== Entries supplied

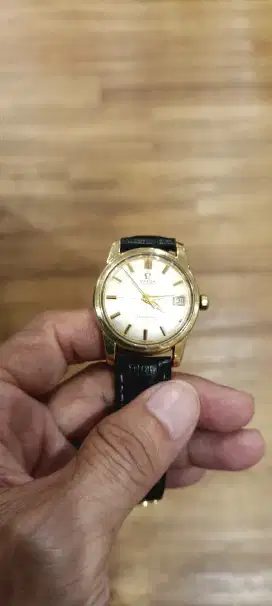 Jam Tangan Original Omega Seamaster cal 503 Gold Capped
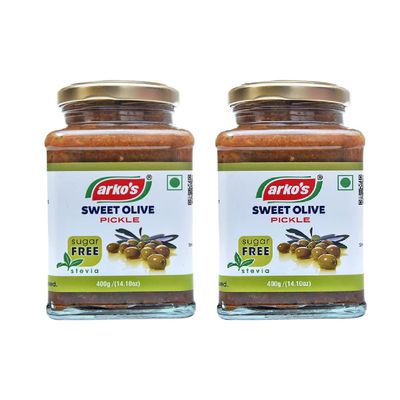 Arkos Sugar Free Sweet Olive (800) ,Indian traditional jalpai Ka achar with 100% natural ingredients , Jalpai pickle, Zaituna Ka Olivaceous pickle, Jaitoon ka sweet and sour pickle, Jaitoon achar Jalpai ka pickle, Use Stevia Instead of sugar ,Oil fre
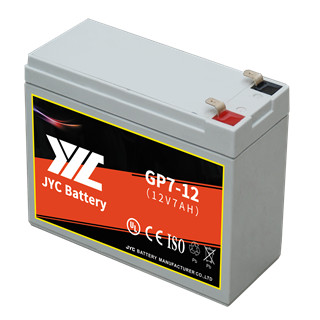 12V7AH Valve Regulated Lead Acid VRLA SLA AGM Maintenance-free rechargeable battery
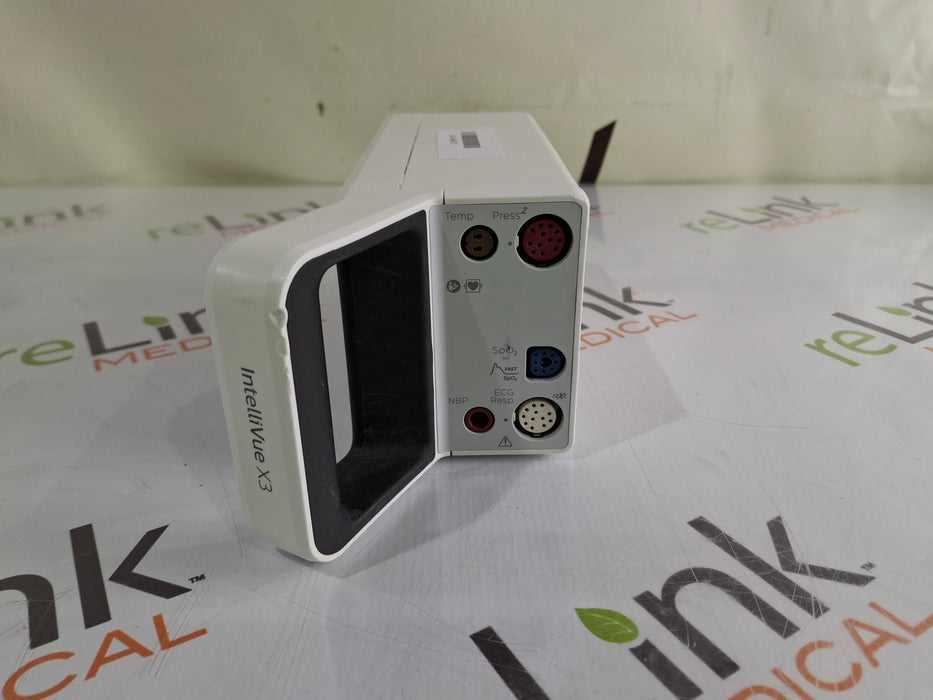 Philips Philips IntelliVue X3 - Fast SpO2 Transport Patient Monitor Patient Monitors reLink Medical
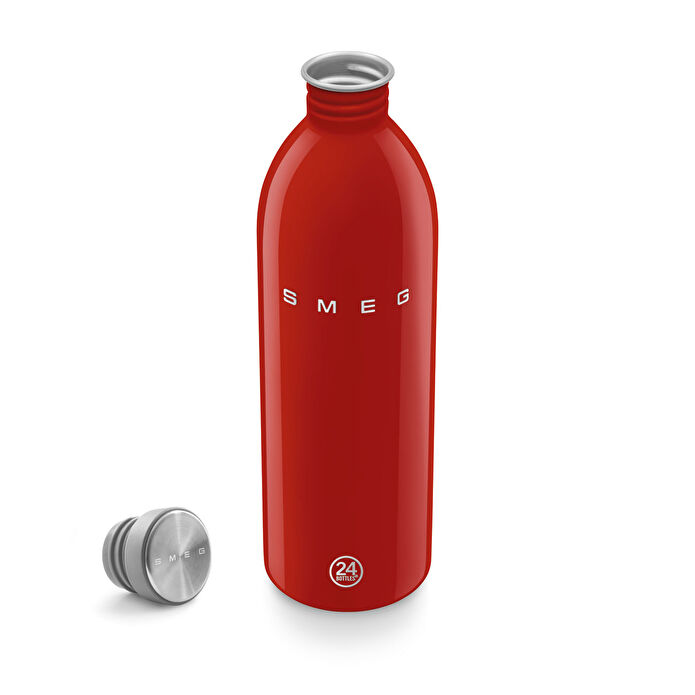 Smeg Urban Bottle-Matara 1 Lt. Kırmızı WBF02RD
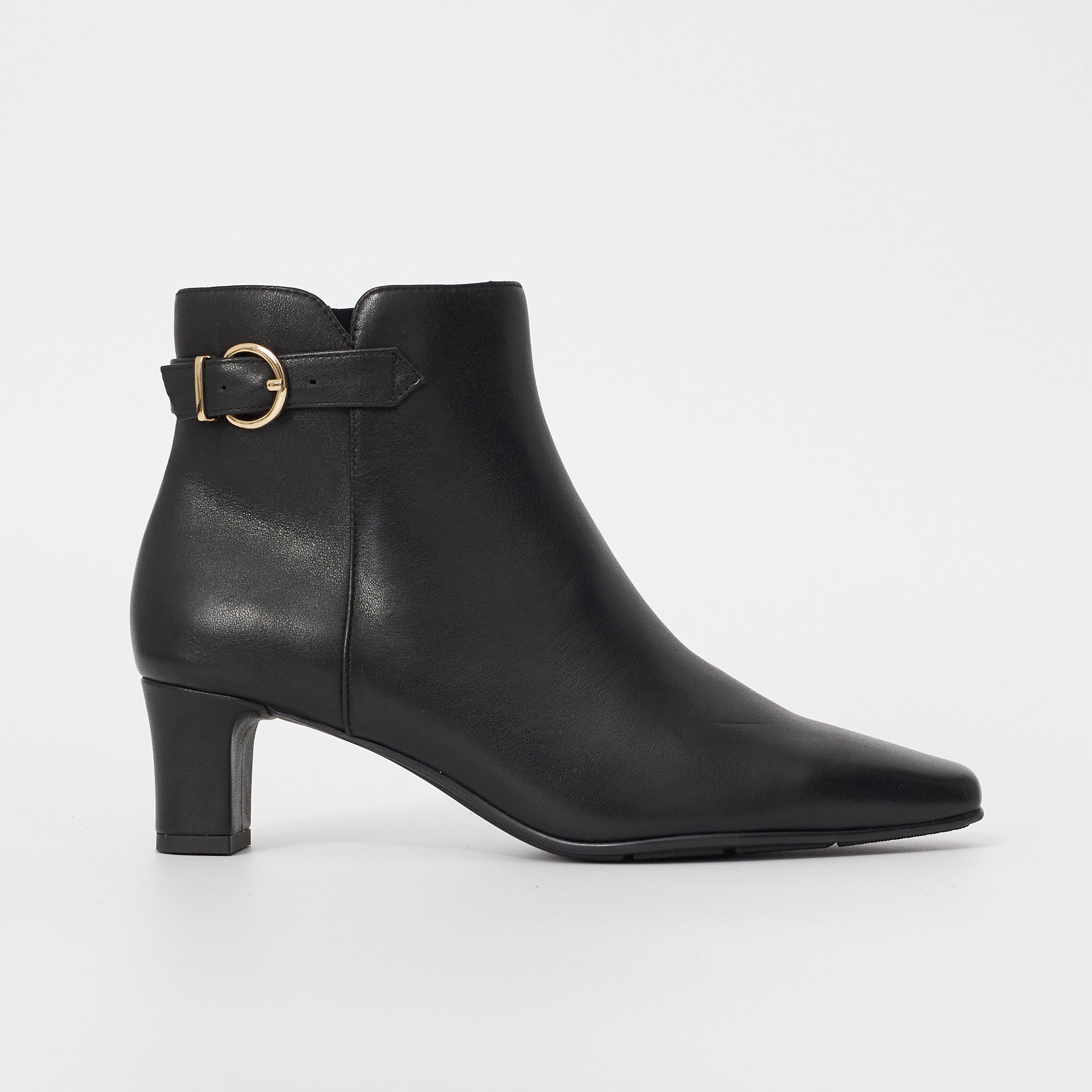 Hush Puppies Jerboa Women's Leather Ankle Boots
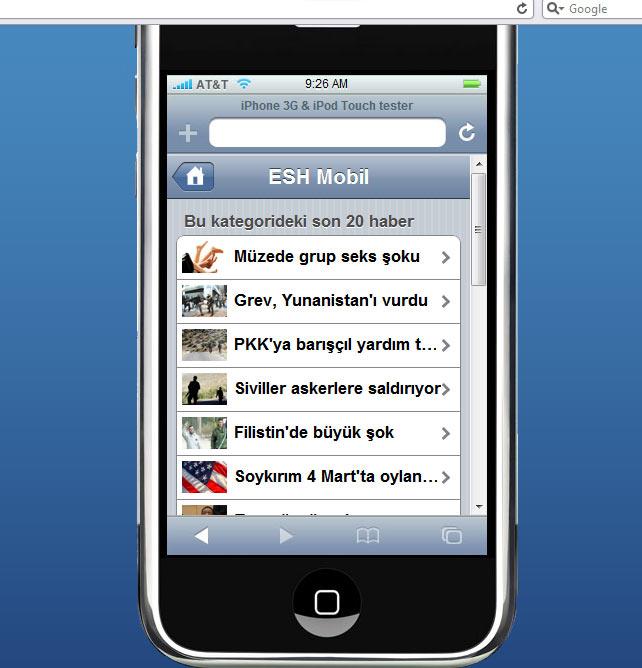 Ensonhaber iphone galerisi - Resim 7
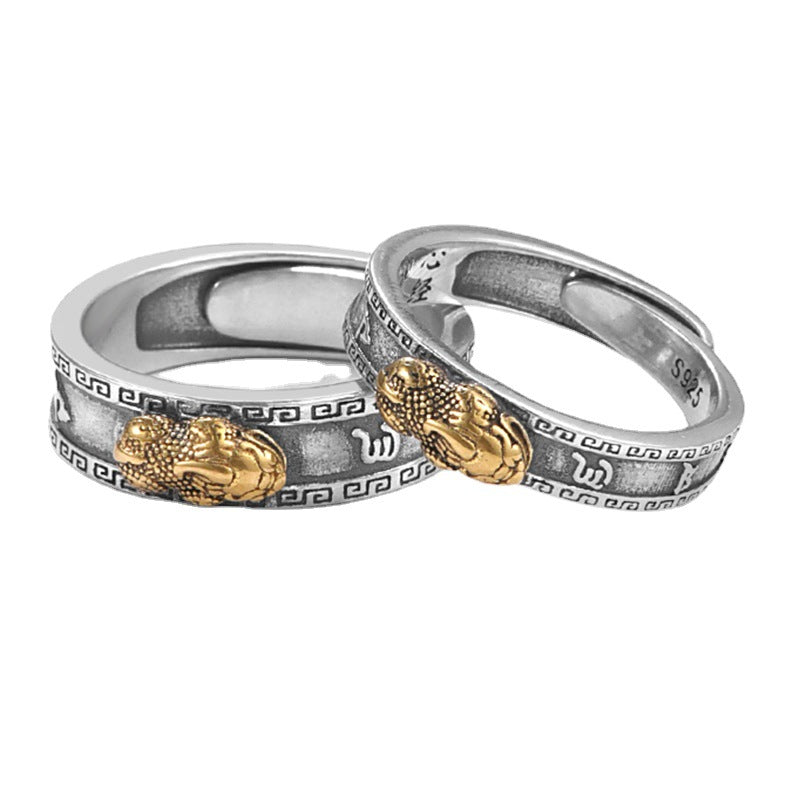 Personalized Fashion Couple Rings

====

Word for word, set down every record, keeping the images out.

*Result for this exercise*:
 Jam Tangan Original Omega Seamaster cal 503 Gold Capped
 Arkos Sugar Free Sweet Olive (800) ,Indian traditional jalpai Ka achar with 100% natural ingredients , Jalpai pickle, Zaituna Ka Olivaceous pickle, Jaitoon ka sweet and sour pickle, Jaitoon achar Jalpai ka pickle, Use Stevia Instead of sugar ,Oil fre
 12V7AH Valve Regulated Lead Acid VRLA SLA AGM Maintenance-free rechargeable battery
 Philips Philips IntelliVue X3 - Fast SpO2 Transport Patient Monitor Patient Monitors reLink Medical
 Smeg Urban Bottle-Matara 1 Lt. Kırmızı WBF02RD
 Hush Puppies Jerboa Women's Leather Ankle Boots
 Ensonhaber iphone galerisi - Resim 7
 Personalized Fashion Couple Rings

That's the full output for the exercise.